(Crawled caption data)
- Opening Delimiter -

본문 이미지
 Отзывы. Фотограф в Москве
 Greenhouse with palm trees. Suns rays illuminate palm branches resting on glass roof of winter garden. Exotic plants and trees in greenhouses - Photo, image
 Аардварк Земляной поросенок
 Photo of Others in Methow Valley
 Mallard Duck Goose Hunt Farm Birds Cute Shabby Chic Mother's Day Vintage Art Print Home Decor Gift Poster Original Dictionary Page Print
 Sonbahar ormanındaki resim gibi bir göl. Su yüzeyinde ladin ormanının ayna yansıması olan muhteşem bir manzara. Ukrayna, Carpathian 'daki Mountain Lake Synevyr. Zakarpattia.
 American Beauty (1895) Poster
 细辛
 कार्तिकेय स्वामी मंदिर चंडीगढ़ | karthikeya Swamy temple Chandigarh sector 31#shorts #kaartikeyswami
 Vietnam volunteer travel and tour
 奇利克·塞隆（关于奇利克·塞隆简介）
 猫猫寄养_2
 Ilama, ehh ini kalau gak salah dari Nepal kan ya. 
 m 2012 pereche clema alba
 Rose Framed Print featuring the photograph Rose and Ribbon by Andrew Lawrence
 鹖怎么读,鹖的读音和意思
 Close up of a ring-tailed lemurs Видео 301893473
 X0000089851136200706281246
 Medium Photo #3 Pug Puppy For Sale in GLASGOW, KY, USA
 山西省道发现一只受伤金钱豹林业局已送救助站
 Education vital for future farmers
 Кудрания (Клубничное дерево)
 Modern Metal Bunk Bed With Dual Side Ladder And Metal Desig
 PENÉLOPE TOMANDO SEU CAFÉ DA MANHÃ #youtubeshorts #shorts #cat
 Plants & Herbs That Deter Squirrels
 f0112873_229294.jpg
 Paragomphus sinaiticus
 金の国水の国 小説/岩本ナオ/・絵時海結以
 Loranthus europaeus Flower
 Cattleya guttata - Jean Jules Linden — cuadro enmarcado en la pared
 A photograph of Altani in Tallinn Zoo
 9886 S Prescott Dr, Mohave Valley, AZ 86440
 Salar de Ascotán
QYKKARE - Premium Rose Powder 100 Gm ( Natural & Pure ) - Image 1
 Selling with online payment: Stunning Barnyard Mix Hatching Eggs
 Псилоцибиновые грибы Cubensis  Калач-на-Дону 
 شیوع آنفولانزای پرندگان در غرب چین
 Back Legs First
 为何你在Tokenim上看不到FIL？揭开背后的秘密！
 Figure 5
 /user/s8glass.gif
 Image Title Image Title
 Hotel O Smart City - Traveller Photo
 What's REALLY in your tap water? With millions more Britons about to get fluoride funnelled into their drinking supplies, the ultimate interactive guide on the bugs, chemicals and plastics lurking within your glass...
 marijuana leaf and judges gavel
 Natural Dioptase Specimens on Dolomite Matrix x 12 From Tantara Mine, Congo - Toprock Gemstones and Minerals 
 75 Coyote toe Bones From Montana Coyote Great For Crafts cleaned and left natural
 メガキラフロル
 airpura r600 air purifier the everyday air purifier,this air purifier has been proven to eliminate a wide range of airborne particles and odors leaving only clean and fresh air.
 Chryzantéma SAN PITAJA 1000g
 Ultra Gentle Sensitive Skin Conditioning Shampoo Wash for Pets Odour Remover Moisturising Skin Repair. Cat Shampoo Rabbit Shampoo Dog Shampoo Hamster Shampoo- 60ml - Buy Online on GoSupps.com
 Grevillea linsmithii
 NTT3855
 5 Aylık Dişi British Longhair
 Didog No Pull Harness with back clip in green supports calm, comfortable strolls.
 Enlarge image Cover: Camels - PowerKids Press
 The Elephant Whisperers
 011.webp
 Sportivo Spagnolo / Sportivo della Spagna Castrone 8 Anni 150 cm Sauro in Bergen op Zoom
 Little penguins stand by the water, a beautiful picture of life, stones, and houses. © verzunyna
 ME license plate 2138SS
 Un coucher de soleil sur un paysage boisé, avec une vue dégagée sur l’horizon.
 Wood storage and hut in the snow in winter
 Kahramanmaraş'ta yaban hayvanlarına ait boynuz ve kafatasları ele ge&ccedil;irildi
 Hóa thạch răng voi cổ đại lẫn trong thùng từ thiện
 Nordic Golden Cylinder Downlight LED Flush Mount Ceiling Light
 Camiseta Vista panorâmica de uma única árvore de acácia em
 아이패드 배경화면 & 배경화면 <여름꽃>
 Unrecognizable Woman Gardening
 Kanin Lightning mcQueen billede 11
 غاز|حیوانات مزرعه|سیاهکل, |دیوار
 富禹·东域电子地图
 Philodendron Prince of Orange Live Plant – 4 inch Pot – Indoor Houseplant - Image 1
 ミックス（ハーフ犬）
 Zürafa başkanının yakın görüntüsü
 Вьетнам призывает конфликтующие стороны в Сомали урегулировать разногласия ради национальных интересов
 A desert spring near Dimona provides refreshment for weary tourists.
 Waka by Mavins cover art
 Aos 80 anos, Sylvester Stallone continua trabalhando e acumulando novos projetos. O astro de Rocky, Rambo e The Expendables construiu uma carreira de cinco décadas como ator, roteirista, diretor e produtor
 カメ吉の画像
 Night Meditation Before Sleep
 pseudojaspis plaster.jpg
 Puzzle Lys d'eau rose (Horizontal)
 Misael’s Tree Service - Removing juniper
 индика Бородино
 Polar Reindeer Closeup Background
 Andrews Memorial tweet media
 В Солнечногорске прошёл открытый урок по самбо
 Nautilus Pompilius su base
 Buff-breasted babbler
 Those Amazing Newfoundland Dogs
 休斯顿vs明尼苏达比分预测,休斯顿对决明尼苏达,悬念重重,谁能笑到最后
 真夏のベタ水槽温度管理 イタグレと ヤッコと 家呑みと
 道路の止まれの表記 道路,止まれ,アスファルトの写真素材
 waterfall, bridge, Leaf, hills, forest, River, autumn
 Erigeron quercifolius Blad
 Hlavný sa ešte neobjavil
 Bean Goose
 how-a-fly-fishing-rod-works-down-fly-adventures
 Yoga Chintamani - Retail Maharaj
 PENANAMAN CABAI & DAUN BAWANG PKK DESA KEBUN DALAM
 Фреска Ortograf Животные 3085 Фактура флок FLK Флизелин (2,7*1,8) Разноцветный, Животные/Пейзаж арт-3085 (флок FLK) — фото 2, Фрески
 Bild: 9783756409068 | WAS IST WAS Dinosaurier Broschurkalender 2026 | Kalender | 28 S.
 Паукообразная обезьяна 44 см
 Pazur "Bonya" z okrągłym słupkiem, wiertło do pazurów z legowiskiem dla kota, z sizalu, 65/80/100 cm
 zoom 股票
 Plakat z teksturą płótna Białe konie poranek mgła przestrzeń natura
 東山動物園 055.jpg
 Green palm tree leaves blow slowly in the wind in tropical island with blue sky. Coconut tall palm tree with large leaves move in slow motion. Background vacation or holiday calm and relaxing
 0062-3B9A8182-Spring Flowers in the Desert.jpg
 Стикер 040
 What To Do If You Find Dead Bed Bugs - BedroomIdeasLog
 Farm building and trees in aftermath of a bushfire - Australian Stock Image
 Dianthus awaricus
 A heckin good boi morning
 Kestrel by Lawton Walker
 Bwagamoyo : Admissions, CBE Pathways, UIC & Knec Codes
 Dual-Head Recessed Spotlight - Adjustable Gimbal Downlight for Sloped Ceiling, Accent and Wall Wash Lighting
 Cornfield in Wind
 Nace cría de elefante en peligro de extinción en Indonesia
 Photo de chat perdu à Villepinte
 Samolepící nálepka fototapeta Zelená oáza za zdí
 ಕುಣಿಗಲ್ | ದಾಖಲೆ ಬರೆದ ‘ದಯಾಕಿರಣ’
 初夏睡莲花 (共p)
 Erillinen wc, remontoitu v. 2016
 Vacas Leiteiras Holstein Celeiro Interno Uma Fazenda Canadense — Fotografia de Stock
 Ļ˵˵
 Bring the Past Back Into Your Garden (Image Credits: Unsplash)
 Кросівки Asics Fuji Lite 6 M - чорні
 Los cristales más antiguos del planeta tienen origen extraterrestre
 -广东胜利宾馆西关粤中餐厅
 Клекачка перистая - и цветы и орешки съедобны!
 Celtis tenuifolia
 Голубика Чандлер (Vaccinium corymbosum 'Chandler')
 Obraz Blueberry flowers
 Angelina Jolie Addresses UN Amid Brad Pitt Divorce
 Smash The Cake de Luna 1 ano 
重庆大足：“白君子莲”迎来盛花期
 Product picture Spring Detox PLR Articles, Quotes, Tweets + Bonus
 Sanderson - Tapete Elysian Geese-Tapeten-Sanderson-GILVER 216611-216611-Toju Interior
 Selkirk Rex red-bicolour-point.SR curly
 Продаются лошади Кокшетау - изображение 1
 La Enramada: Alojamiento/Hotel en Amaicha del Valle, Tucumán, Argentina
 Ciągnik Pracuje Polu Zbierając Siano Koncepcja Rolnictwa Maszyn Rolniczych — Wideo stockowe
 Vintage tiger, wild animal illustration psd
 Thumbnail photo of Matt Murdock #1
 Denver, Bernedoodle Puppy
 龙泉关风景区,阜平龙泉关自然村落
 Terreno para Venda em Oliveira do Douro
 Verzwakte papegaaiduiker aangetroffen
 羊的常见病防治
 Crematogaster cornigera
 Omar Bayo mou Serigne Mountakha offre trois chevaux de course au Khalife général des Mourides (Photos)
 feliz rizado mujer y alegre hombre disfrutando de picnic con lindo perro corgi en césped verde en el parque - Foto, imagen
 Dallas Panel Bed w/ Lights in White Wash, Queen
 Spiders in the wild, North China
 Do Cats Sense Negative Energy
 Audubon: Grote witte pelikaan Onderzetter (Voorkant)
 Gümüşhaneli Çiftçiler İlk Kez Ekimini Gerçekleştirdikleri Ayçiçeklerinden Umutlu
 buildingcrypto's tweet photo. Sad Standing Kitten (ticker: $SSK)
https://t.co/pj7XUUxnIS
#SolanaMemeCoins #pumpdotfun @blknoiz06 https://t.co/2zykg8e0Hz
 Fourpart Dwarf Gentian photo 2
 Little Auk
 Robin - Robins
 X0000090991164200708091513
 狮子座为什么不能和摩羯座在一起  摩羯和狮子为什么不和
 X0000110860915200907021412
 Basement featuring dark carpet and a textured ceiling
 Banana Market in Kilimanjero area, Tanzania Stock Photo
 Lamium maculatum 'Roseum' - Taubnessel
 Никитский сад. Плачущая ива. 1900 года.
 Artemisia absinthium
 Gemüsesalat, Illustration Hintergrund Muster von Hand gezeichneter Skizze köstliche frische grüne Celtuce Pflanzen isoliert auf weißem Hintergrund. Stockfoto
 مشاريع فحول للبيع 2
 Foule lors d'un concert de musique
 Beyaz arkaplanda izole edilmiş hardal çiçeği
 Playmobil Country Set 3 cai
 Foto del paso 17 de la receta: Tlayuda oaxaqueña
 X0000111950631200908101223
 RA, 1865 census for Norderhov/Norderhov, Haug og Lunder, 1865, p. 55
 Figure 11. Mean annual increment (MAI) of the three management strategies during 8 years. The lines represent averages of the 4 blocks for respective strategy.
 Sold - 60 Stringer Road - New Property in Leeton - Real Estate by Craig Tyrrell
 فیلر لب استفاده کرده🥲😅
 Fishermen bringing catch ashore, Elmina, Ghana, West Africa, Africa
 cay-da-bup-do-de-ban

- Closing Delimiter -

Would you set down, word for word, the lines from the opening of the entries above through the line with "Photo of Others in Methow Valley", both included, and no others?

본문 이미지
 Отзывы. Фотограф в Москве
 Greenhouse with palm trees. Suns rays illuminate palm branches resting on glass roof of winter garden. Exotic plants and trees in greenhouses - Photo, image
 Аардварк Земляной поросенок
 Photo of Others in Methow Valley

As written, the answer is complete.